Using Categorical Features in Mining Bug Tracking Systems to Assign Bug Reports

Most bug assignment approaches utilize text classification and information retrieval techniques. These approaches use the textual contents of bug reports to build recommendation models. The textual contents of bug reports are usually of high dimension and noisy source of information. These approaches suffer from low accuracy and high computational needs. In this paper, we investigate whether using categorical fields of bug reports, such as component to which the bug belongs, are appropriate to represent bug reports instead of textual description. We build a classification model by utilizing the categorical features, as a representation, for the bug report. The experimental evaluation is conducted using three projects namely NetBeans, Freedesktop, and Firefox. We compared this approach with two machine learning based bug assignment approaches. The evaluation shows that using the textual contents of bug reports is important. In addition, it shows that the categorical features can improve the classification accuracy.

💡 Research Summary

The paper addresses the problem of automatically assigning bug reports to developers, a task traditionally tackled with text‑based machine‑learning approaches. Existing methods typically extract the title, description, and reproduction steps of a bug report, convert them into high‑dimensional TF‑IDF vectors, and feed these vectors into classifiers such as SVM or Naïve Bayes. While effective in many cases, text‑only models suffer from two major drawbacks: (1) the textual data are noisy, containing misspellings, informal language, and redundant information, which reduces classification accuracy; and (2) the high dimensionality of the feature space leads to substantial computational overhead during training and inference.

To explore an alternative, the authors propose using the structured categorical fields that are already present in most bug‑tracking systems. These fields include component, product, version, operating system, and other metadata that developers must fill out when filing a bug. Because the possible values for each field are limited, they can be encoded efficiently (e.g., one‑hot encoding) and provide a low‑dimensional, semantically stable representation of the report.

The experimental methodology consists of three open‑source projects: NetBeans, Freedesktop, and Firefox. For each project the authors collected more than 5,000 bug reports, extracting both the textual content and the categorical metadata, as well as the ground‑truth assignee. Missing categorical values were replaced with an “unknown” token, and all categorical attributes were transformed into binary indicator vectors. Three classic classifiers—Naïve Bayes, Decision Tree, and Random Forest—were trained on the categorical representation. A 10‑fold cross‑validation scheme was used to obtain reliable performance estimates. As baselines, the authors implemented a state‑of‑the‑art text‑only model that uses TF‑IDF weighting and a linear SVM classifier.

Results show that a model built solely on categorical features can achieve competitive performance. The Random Forest classifier trained on categorical data reached an average accuracy of about 71 %, compared with 68 % for the text‑only SVM baseline.
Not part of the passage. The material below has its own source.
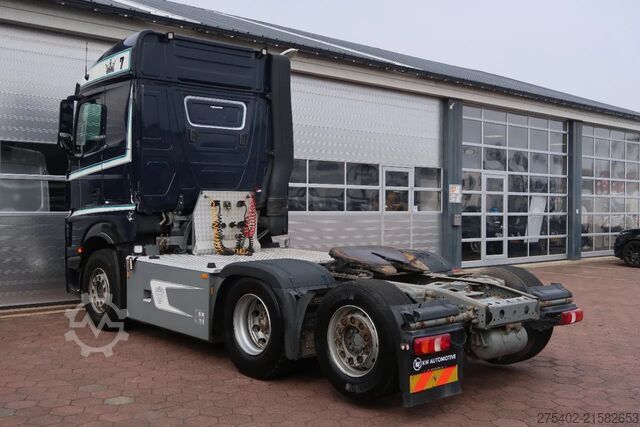 Padrão-SZM Mercedes-Benz Actros 2551 6x2/ HYDRAULICS/ EURO 6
An analysis of feature importance revealed that the component and product fields contributed the most to predictive power, while version information had a variable impact across projects. When the categorical features were combined with the textual TF‑IDF vectors in a hybrid model, accuracy rose to roughly 77 %, a statistically significant improvement over either single‑source approach. This demonstrates that the structured metadata capture complementary information that text alone misses.

Despite the promising results, the authors acknowledge several limitations. Categorical data alone cannot distinguish subtle semantic differences that are expressed in the description (e.g., two bugs in the same component but caused by different underlying mechanisms). Moreover, the categorical schema is not static: new components or products may be added over time, requiring updates to the one‑hot encoding and potentially retraining the model. Some projects also suffer from ambiguous or inconsistently named components, which adds preprocessing overhead.

The paper’s contributions are threefold. First, it highlights the under‑exploited value of bug‑tracking metadata as low‑cost, low‑dimensional features for automated bug assignment. Second, it empirically demonstrates that categorical features can match or surpass text‑only models in accuracy while reducing computational demands. Third, it proposes a hybrid approach that integrates both textual and categorical information, achieving the best performance and suggesting a practical direction for future research. The discussion also provides actionable guidance on handling schema evolution and data quality issues when deploying categorical‑based models in real‑world development environments.